Page:Dictionary of National Biography volume 58.djvu/244

This page has been proofread, but needs to be validated.
Vere
236
Vere

(afterwards Viscount Wimbledon [q. v.]), and Sir Edward Harwood [q. v.]

The outset of Sir Horace's individual career in the Dutch service was marked by the fall of Ostend on 24 Sept. 1604 before the great Spanish general, Ambrosio Spinola. As a makeweight to Ostend, Prince Maurice meditated the recapture of Sluys. The Spanish general opposed the advance upon the town with a force of two thousand men strongly entrenched at Damme, situated be-tween Sluys and Bruges. This force, under the Spanish general of horse, Velasco, had to be dislodged, and it was in this risky operation‒for the place had to be approached by a narrow causeway environed by swamps and stagnant water‒that Vere first won for his command the special approbation of the States-General. In July 1604 Spinola was foiled in an attempt to relieve the town, and on 20 Aug. it was surrendered (cf. Prinsterer, Archives de la Maison d'Orange-Nassau, 1e série).

The year 1605 was, owing mainly to the superior strategic skill of Spinola, the reverse of fortunate to the cause of the united provinces. At the battle of Mulheim on 9 Oct. 1605 the Dutch cavalry were completely outmanoeuvred, and several of the troops broke and fled in panic. Had it not been, in fact, for a diversion most promptly and skilfully conceived, planned, and executed by Vere, who crossed the river with four companies of infantry and kept the Spaniards at bay for over an hour, while the Dutch forces had time to rally and retreat in some order, there is little doubt that the army of the states would have been destroyed. This was the opinion expressed by Spinola, and entertained no doubt by Prince Maurice; for from this time Sir Horace became one of the most trusted and valued of his officers.

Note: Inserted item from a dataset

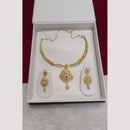 Pari Art Jewellery Royal Forming Designer Choker Necklace Set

The battle of Mulheim was followed by Vere's return to England, and by his marriage in 1607. Two years later came the twelve years' truce between the united provinces and Spain. In October 1609 Sir Horace succeeded his brother as governor of the Brill (Winwood, Memorials, 1725, iii. 80). In 1609 he was promised the reversion of the mastership of ordnance after Lord Carew [see Carew, George, Baron Carew]. In 1610 he served at the siege of Juliers under Sir Edward Cecil (cf. Herbert of Cherbury, Autobiography, ed. Lee, pp. 113, 117). In 1616 he yielded up the cautionary town of Brill to the Dutch upon the repayment by them of the loans received from England, receiving a life pension of 800l. in compensation for his loss of the governorship. Two years later Sir Horace received from Maurice the governorship of Utrecht, in which city he was joined by his wife towards the close of 1618. He had previously aided the prince in disarming and suppressing the provincial levies, raised at the instance of the ill-fated Barneveldt.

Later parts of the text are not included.